Todavía recuerdo el slogan de “Calafate todo el año” y las promociones organizadas, que traían a nuestra localidad a los agentes de viajes y periodistas para promover el lugar, con listados de hoteles y restaurantes que adherían a la propuesta con ofertas para los visitantes.


¿Qué nos quedó de la Fiesta del Hielo que —con no poco esfuerzo— la gente del Club Andino pudo realizar durante cuatro temporadas consecutivas y que, el último año, dejó flotando la expectativa de realizar con un grupo holandés un evento internacional en la bahía?


Para algunos, el problema lo provoca Aerolíneas, porque no garantiza los vuelos necesarios en invierno.
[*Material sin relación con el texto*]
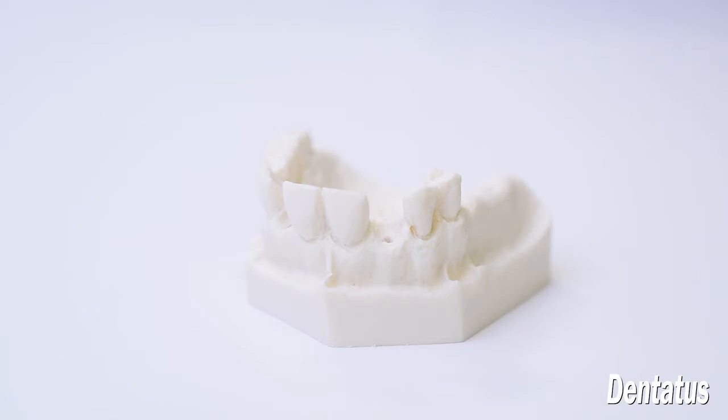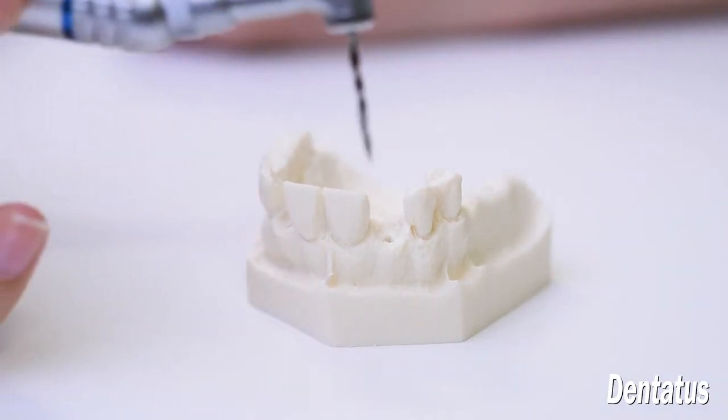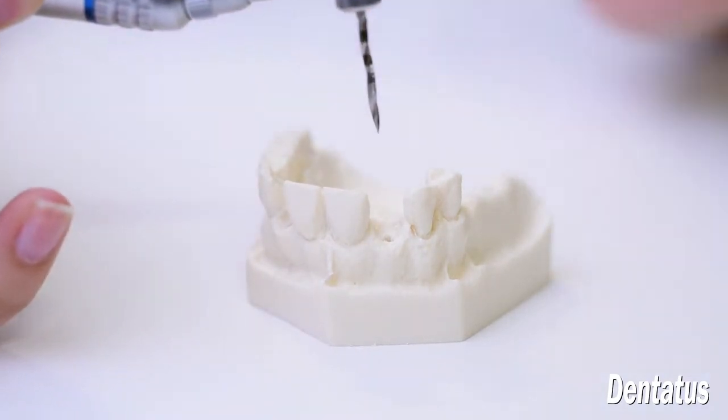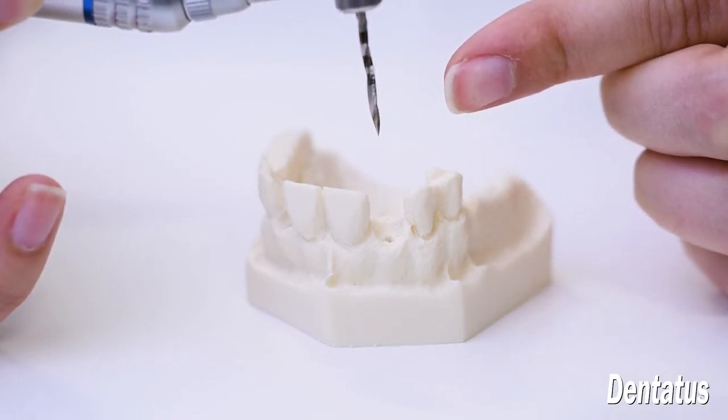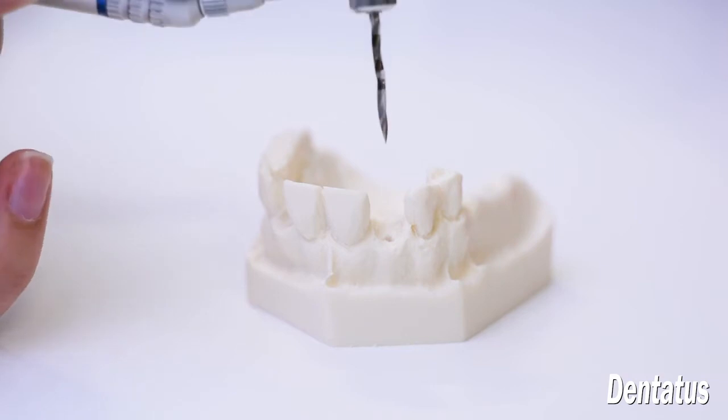Dentatus and new implants are frequently installed through the tissue without reflecting a flap. That's due in part to the design of the SEPO pilot drills. The ultra-sharp needlepoint tip eliminates chatter, assuring accuracy for position, angle, and depth.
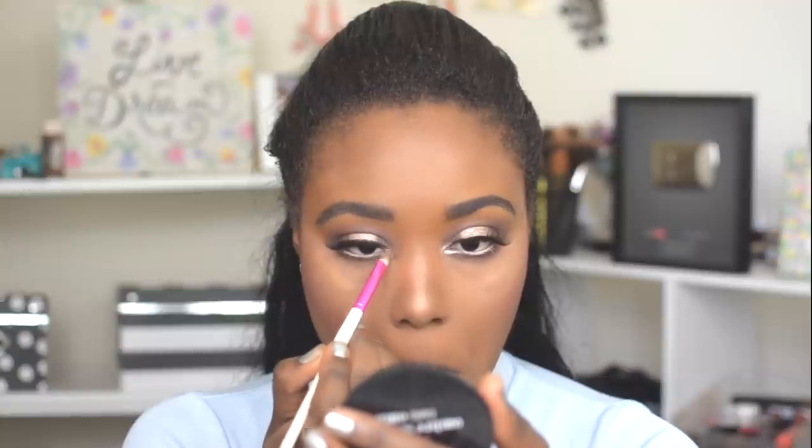Then lastly, to highlight the inner corner of my eyes, I'm going into Vermeer from the Anastasia Beverly Hills palette and popping this in the inner corner of the eye. You don't have to do this, but it's going to help the eye really pop even more.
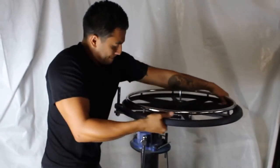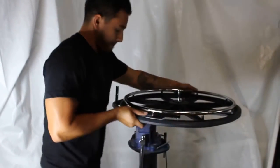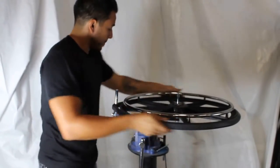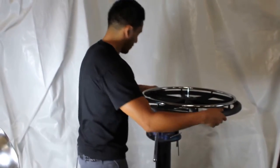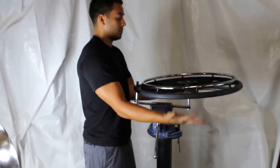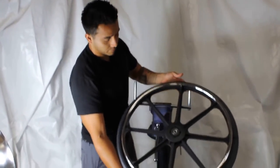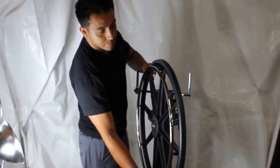As you can see, this vice is mounted very securely to the floor, and this does take a little bit of muscle. Once you snap the tire on, keep turning it, because when it stretches the inside bead gets smaller and it'll fit inside the wheel. As you can see, it's as easy as that.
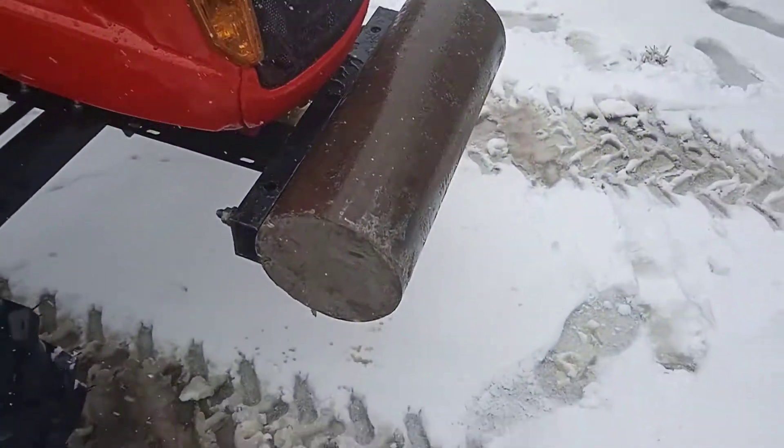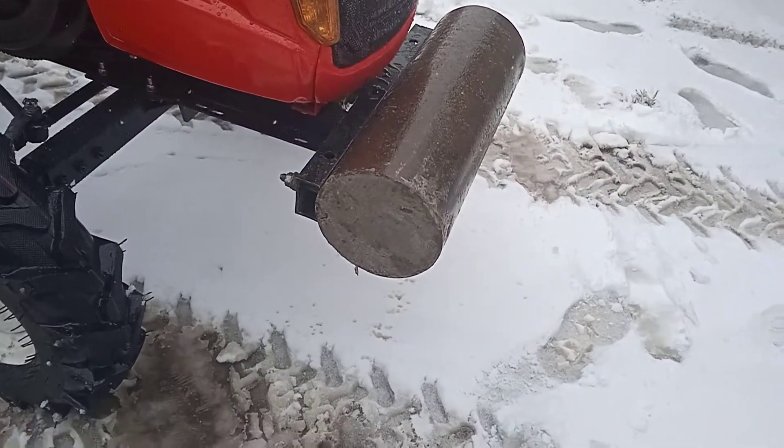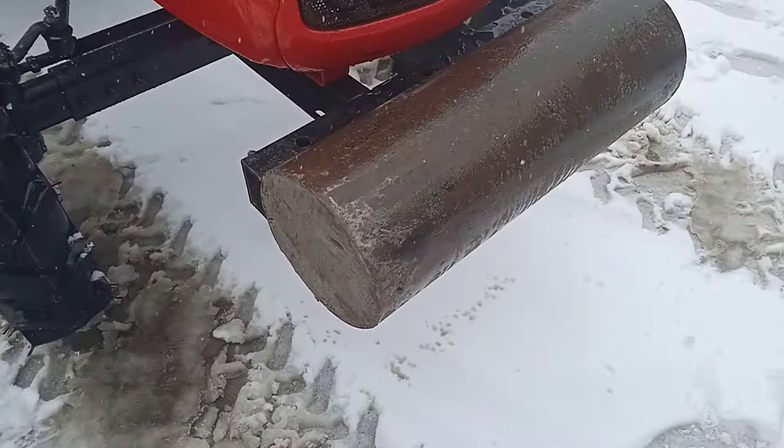I made a counterweight from a 200-year-old tube with steel.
Descartada propuesta de aumentar las tarifas para destrabar la situación, dan la impresión de que se quedaron sin alternativa alguna que haga pensar que nuestra Municipalidad dispone de una estrategia concreta o de un programa mínimo para superar esta dificultad.


¿Cuántos hoteles y restaurantes ya cerraron sus puertas? ¿Cuál es el plan de mantenimiento de servicios en el Parque Nacional? ¿Cuál es el programa de mantenimiento vial que se pondrá en marcha para garantizar la circulación de las rutas? ¿Se publicarán avisos promocionando el destino, o se reiterará historias pasadas en el que las agencias proponían –ante la consulta de los turistas- otros destinos alternativos?


Interrogantes estos, a los que seguramente habrá que sumarles otros, que tiene que ver con el impacto social que la baja temporada tienen sobre la comunidad, sobre las consecuencias que acarrea -en la calidad de los servicios que se ofrecen- la falta de estabilidad laboral de muchos de los que emigran hacia otros destinos para compensar su funcionamiento, o sobre la tan mentada cuestión de ser un destino caro, porque hay que hacer rentable en no más de cien días— un negocio que podría funcionar “todo el año”.